### PROMPT
All of the data that follows is to be written out exactly, with images excluded.

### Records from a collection
=== Section Start ===

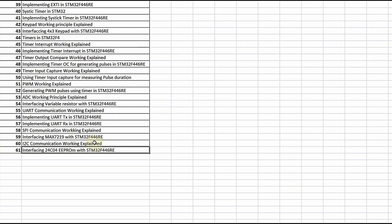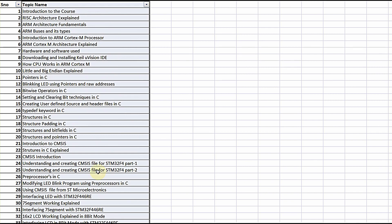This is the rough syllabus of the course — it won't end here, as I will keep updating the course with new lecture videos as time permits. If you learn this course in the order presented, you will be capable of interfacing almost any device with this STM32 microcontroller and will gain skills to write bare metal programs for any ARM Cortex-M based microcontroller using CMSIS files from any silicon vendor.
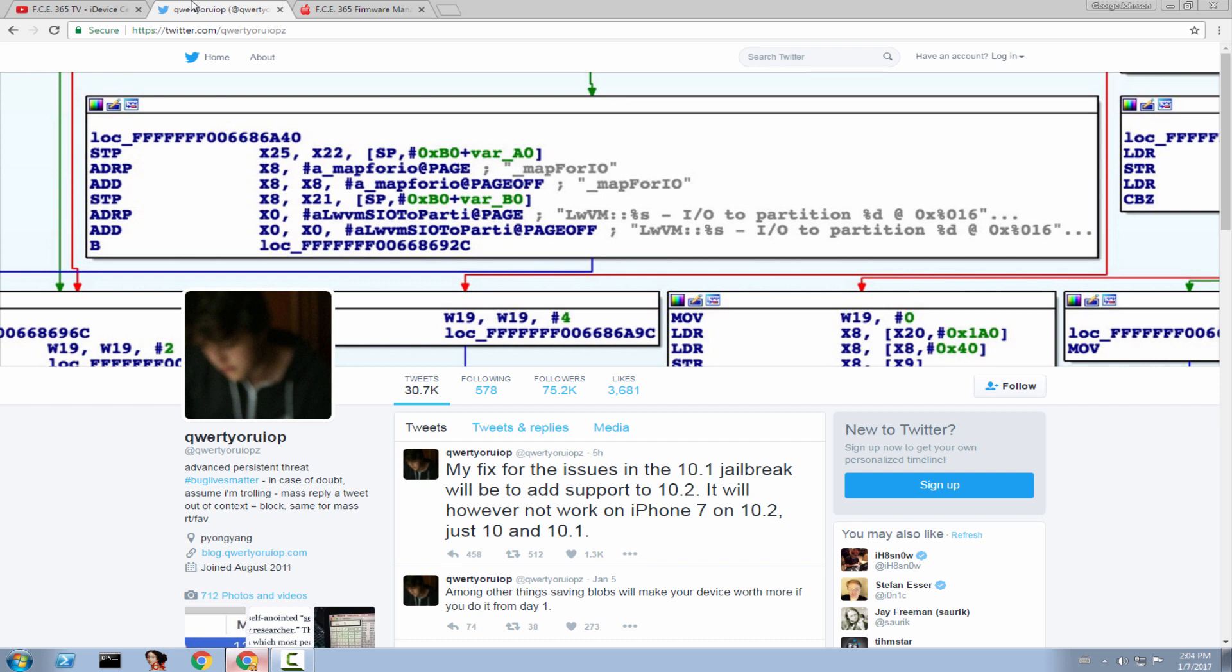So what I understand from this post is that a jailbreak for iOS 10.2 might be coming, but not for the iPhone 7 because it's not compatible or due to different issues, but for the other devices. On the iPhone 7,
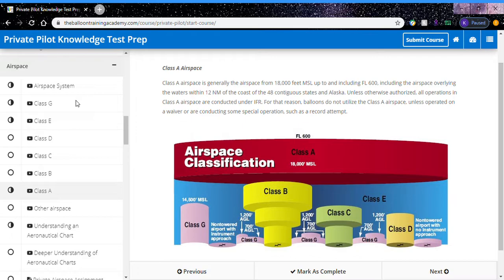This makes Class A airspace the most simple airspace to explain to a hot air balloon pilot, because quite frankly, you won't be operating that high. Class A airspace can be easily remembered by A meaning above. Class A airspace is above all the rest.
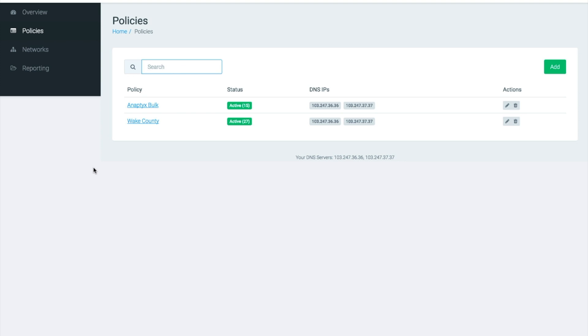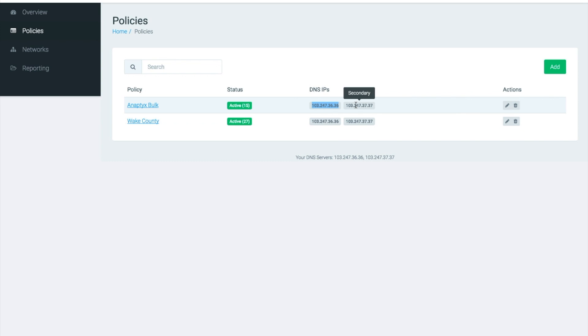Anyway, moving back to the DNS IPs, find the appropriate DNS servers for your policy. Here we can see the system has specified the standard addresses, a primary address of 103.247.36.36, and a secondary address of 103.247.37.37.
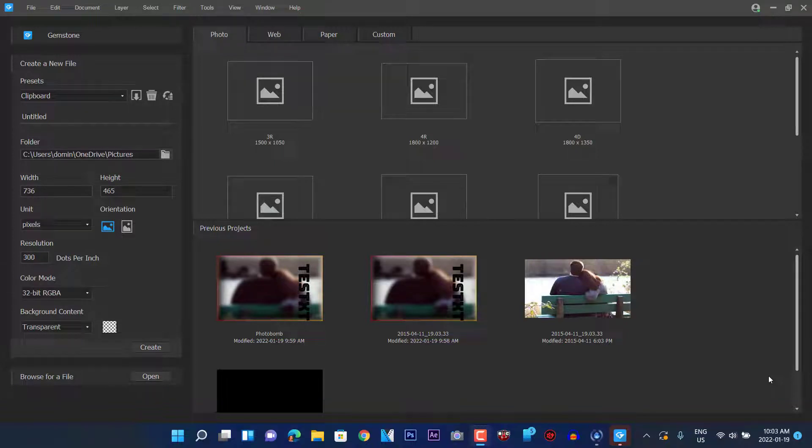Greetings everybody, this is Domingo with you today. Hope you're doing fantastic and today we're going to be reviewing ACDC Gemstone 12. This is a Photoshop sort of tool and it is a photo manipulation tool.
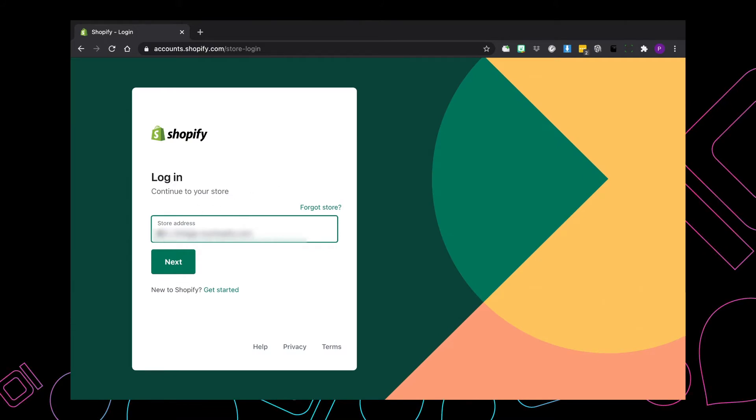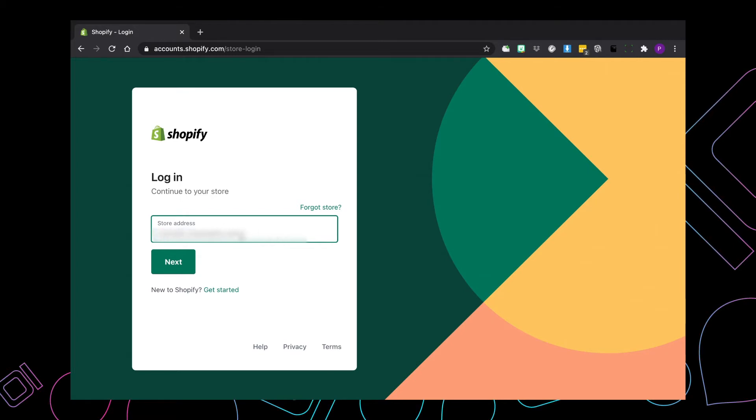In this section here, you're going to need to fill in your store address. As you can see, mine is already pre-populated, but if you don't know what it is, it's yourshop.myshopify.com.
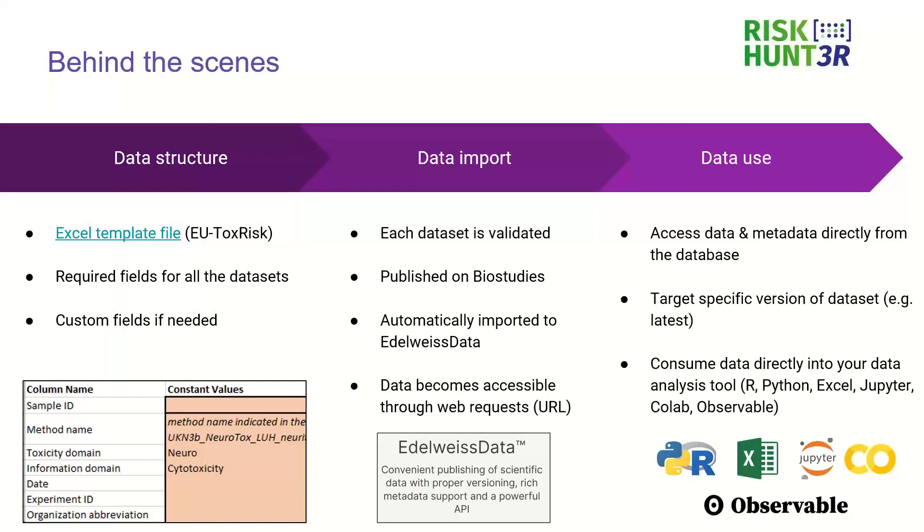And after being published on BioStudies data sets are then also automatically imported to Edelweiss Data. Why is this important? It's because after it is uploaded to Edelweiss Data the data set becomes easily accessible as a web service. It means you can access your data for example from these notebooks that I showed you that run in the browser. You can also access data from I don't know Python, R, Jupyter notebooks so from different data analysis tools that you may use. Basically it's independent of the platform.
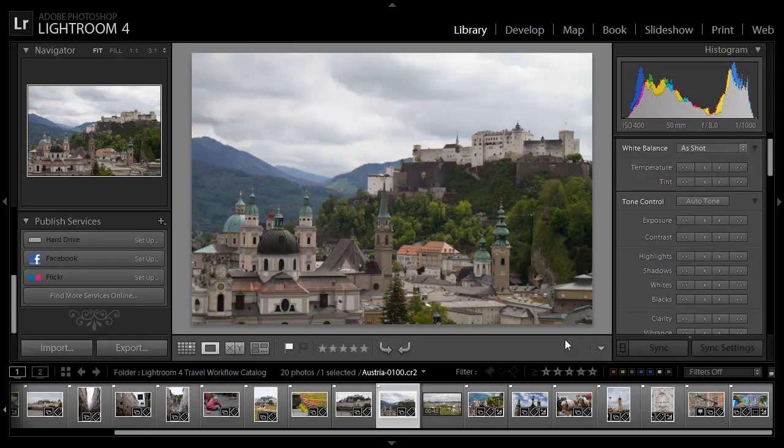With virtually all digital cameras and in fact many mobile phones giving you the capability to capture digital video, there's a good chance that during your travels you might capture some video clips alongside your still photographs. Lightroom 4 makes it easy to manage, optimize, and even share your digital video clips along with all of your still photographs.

=== Section End ===

### EXERCISE RESULT
This is the rough syllabus of the course — it won't end here, as I will keep updating the course with new lecture videos as time permits. If you learn this course in the order presented, you will be capable of interfacing almost any device with this STM32 microcontroller and will gain skills to write bare metal programs for any ARM Cortex-M based microcontroller using CMSIS files from any silicon vendor.
So what I understand from this post is that a jailbreak for iOS 10.2 might be coming, but not for the iPhone 7 because it's not compatible or due to different issues, but for the other devices. On the iPhone 7,
This makes Class A airspace the most simple airspace to explain to a hot air balloon pilot, because quite frankly, you won't be operating that high. Class A airspace can be easily remembered by A meaning above. Class A airspace is above all the rest.
Anyway, moving back to the DNS IPs, find the appropriate DNS servers for your policy. Here we can see the system has specified the standard addresses, a primary address of 103.247.36.36, and a secondary address of 103.247.37.37.
Greetings everybody, this is Domingo with you today. Hope you're doing fantastic and today we're going to be reviewing ACDC Gemstone 12. This is a Photoshop sort of tool and it is a photo manipulation tool.
In this section here, you're going to need to fill in your store address. As you can see, mine is already pre-populated, but if you don't know what it is, it's yourshop.myshopify.com.
And after being published on BioStudies data sets are then also automatically imported to Edelweiss Data. Why is this important? It's because after it is uploaded to Edelweiss Data the data set becomes easily accessible as a web service. It means you can access your data for example from these notebooks that I showed you that run in the browser. You can also access data from I don't know Python, R, Jupyter notebooks so from different data analysis tools that you may use. Basically it's independent of the platform.
With virtually all digital cameras and in fact many mobile phones giving you the capability to capture digital video, there's a good chance that during your travels you might capture some video clips alongside your still photographs. Lightroom 4 makes it easy to manage, optimize, and even share your digital video clips along with all of your still photographs.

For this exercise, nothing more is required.